We are running a 1 namenode and 3 datanode cluster on top of Azure. On top of this I am running my spark job on Yarn-Cluster mode.
Also, We are using HDP 2.5 which have spark 1.6.2 integrated into its setup. Now I have this very weird issue where the Processing time of my job suddenly increases to 4s.
This has happened quite some times but does not follow a pattern, sometimes the 4s waiting time is from the start of the job or may be at the middle of the job as shown below.

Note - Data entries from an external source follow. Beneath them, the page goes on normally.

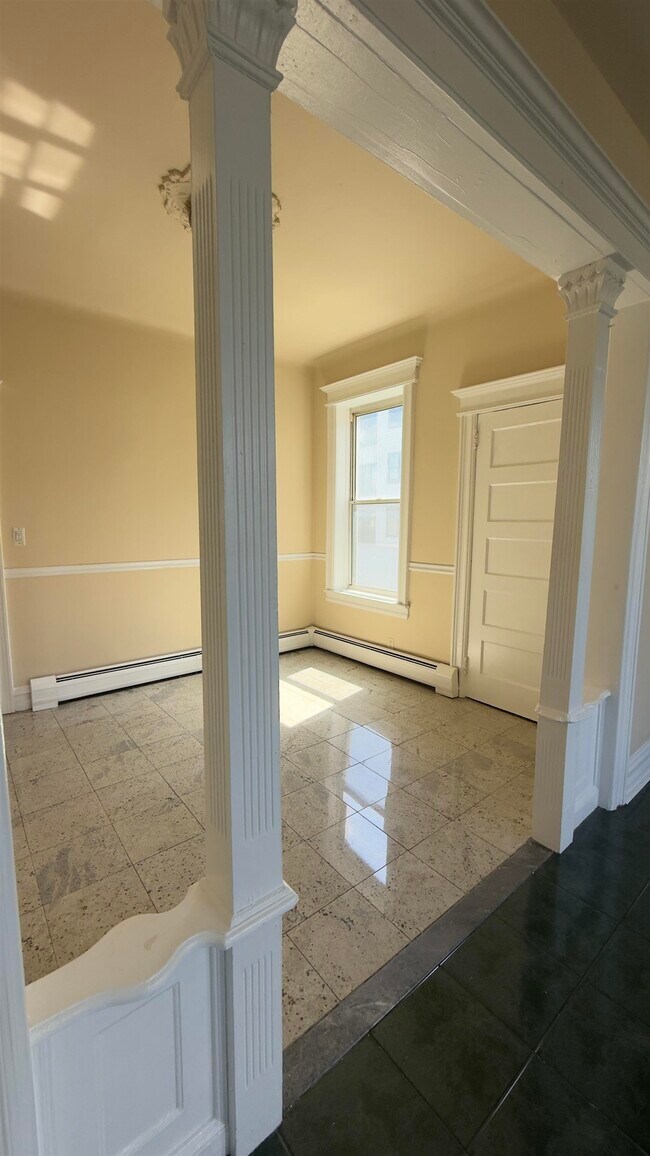 Building Photo - 628 Palisade Ave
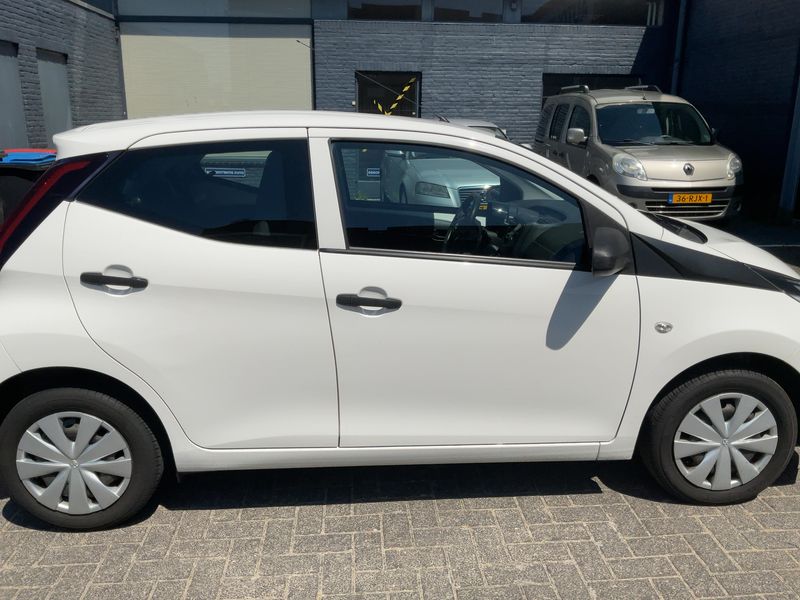 Toyota Aygo 1.0 VVT-i X 2019 – снимка 10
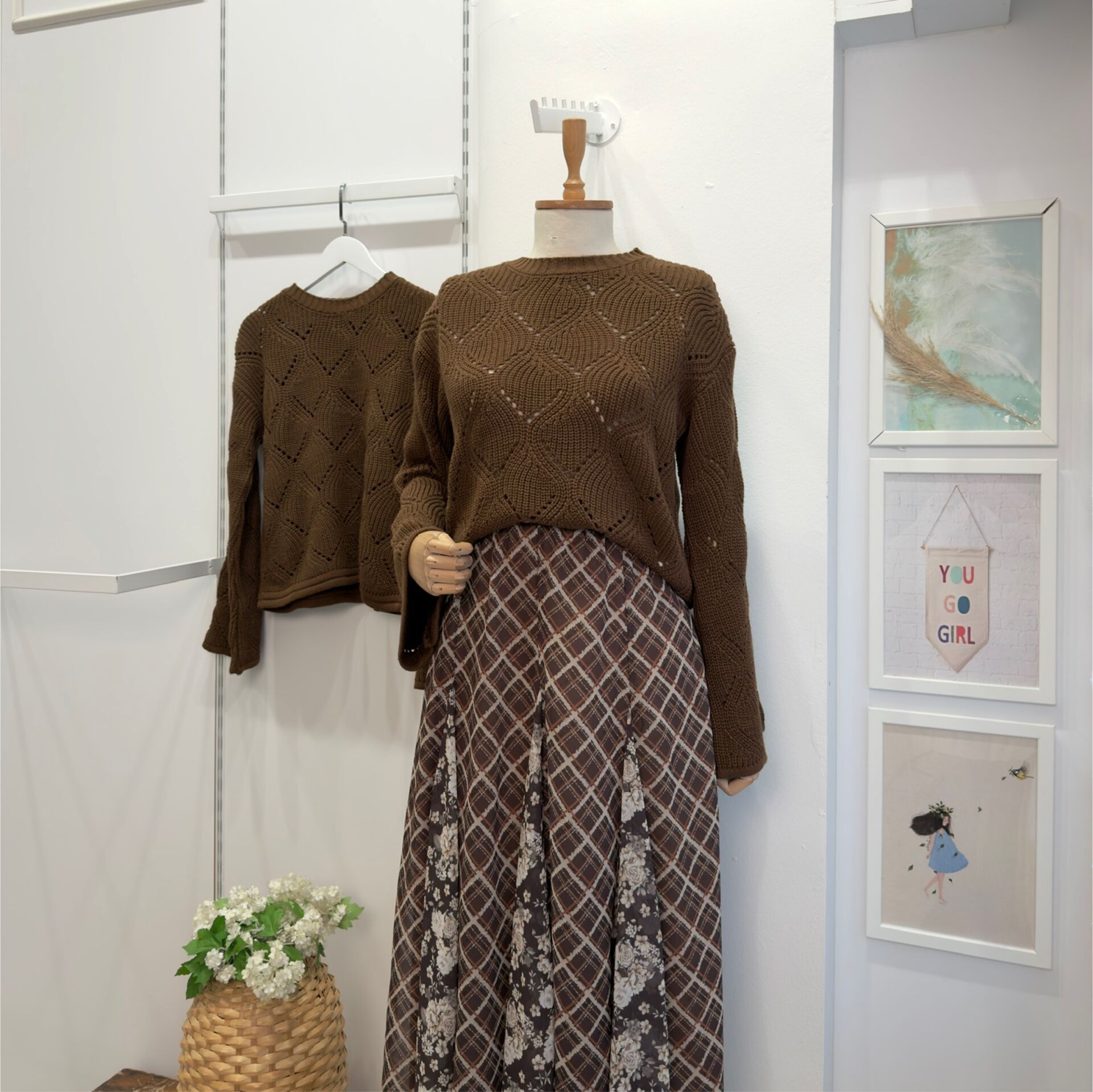 Kahverengi Delikli Triko Kazak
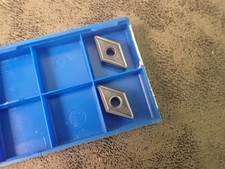 ATI Stellram 30526 DNMG150612E-4E / DNMG433A-4E SP0819 Inserts 2 Pack (BN82)
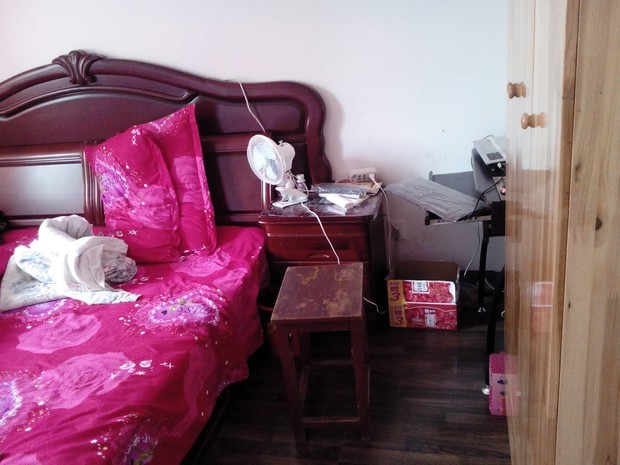 一张双人床一台电脑一个衣柜两个密码箱,怎么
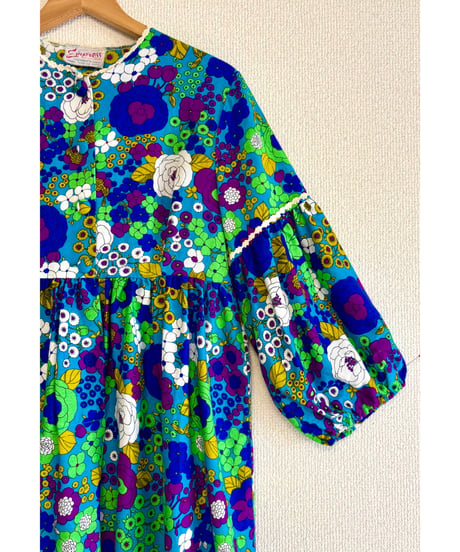 60-70s  balloon sleeve flower hawaiian dress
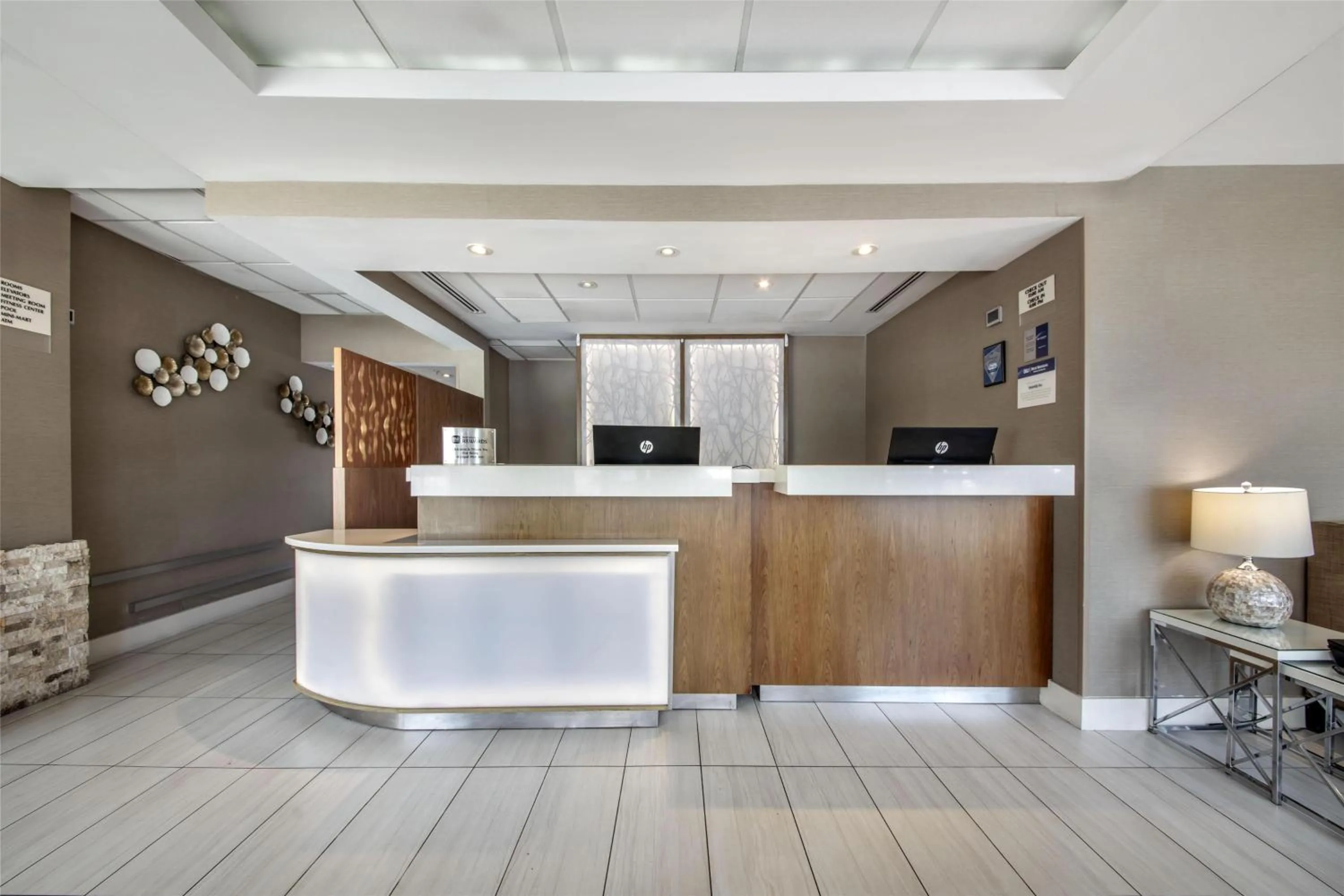 Lobby or reception in Best Western Plus North Miami-Bal Harbour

One thing to notice is that I have no events coming in which is processed so technically the processing time should stay almost the same. Also, my spark streaming job has a batch duration of 1s so it can't be that.
I dont have any error in the logs or anywhere and I am being lost to process this issue.
Minor details about the job:
I am reading messages over kafka topic and then storing them within Hbase tables using Phoenix JDBC Connector.
EDIT: More Information
In the InsertTransactionsPerRDDPartitions, I am performing connection open and write operation to HBase using Phoenix JDBC connectivity.
updatedEventLinks.foreachRDD(rdd -> {
if(!rdd.isEmpty()) {
rdd.foreachPartition(new InsertTransactionsPerRDDPartitions(this.prop));
rdd.foreachPartition(new DoSomethingElse(this.kafkaPublishingProps, this.prop));
}
});